(Web page caption snippets)
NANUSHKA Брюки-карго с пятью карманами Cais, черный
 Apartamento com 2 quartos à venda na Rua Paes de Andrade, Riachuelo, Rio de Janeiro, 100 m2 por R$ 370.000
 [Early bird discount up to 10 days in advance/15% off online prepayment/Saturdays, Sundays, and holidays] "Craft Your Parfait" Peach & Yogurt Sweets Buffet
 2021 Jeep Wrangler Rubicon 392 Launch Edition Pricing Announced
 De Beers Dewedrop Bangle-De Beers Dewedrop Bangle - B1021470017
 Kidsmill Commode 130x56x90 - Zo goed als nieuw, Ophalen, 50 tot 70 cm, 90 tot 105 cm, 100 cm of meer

EXERCISE OBJECTIVE.
Set down, unchanged, the line that contains "2021 Jeep Wrangler" together with every later line in the records, through the last one.

TASK RESPONSE.
 2021 Jeep Wrangler Rubicon 392 Launch Edition Pricing Announced
 De Beers Dewedrop Bangle-De Beers Dewedrop Bangle - B1021470017
 Kidsmill Commode 130x56x90 - Zo goed als nieuw, Ophalen, 50 tot 70 cm, 90 tot 105 cm, 100 cm of meer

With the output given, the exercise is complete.